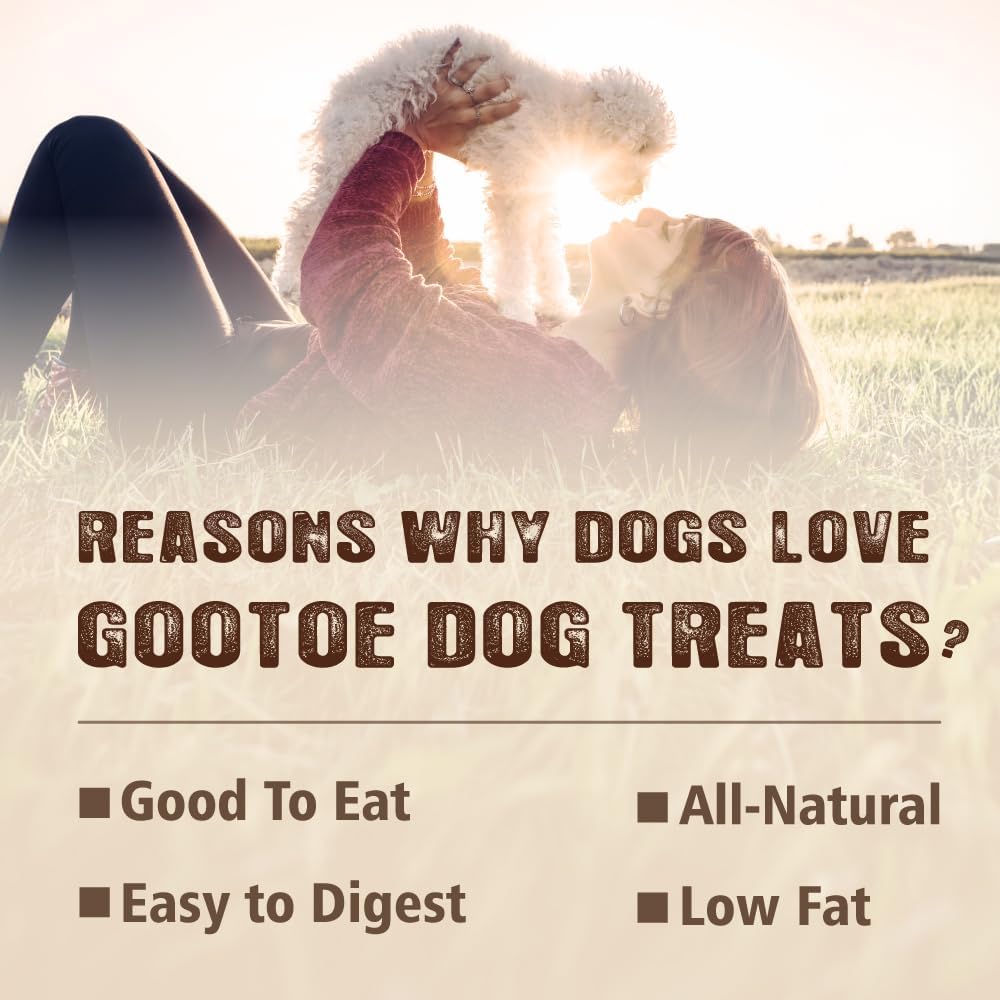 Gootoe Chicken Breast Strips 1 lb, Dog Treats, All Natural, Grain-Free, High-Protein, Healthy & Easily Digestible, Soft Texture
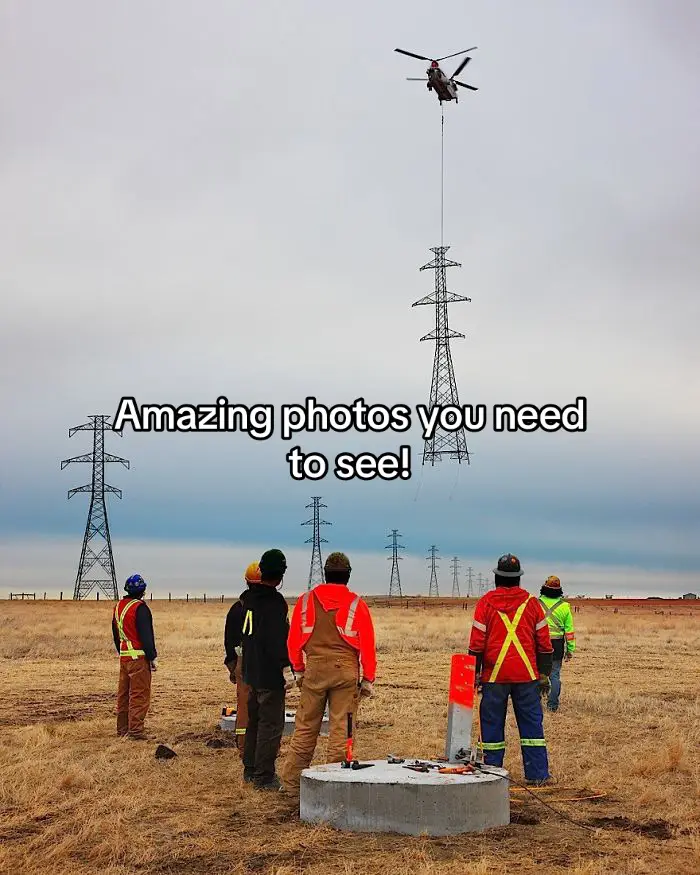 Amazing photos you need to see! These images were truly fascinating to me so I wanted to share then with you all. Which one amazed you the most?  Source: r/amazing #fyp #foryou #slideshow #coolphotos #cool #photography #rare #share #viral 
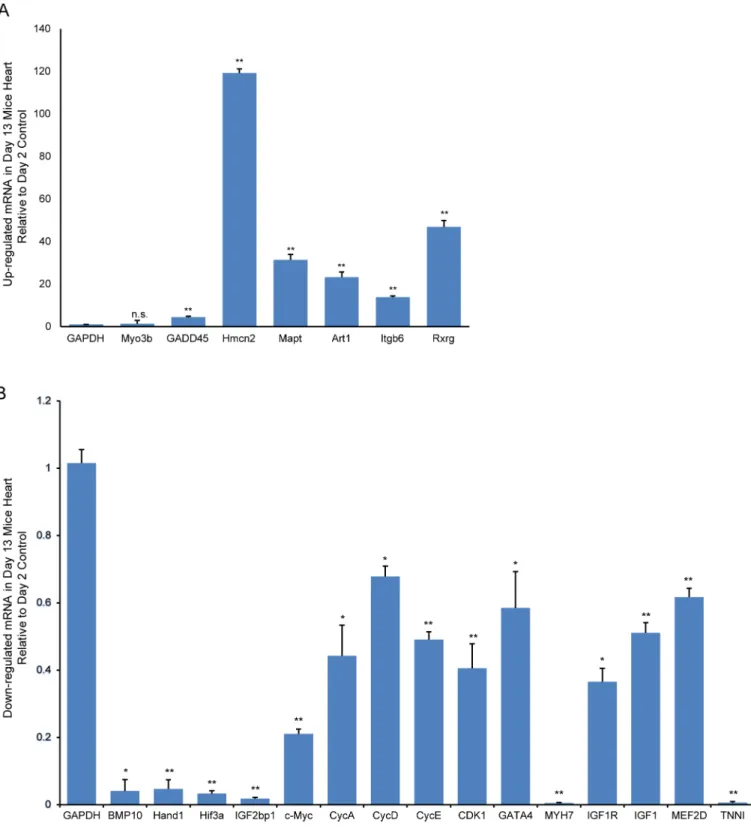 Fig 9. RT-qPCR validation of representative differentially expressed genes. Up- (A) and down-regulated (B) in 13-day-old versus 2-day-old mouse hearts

PROBLEM STATEMENT>
Beginning at the line that contains "Amazing photos you", retype each line of the data above through the very last one. Do not retype the pictures.

EXERCISE SOLUTION>
 Amazing photos you need to see! These images were truly fascinating to me so I wanted to share then with you all. Which one amazed you the most?  Source: r/amazing #fyp #foryou #slideshow #coolphotos #cool #photography #rare #share #viral 
 Fig 9. RT-qPCR validation of representative differentially expressed genes. Up- (A) and down-regulated (B) in 13-day-old versus 2-day-old mouse hearts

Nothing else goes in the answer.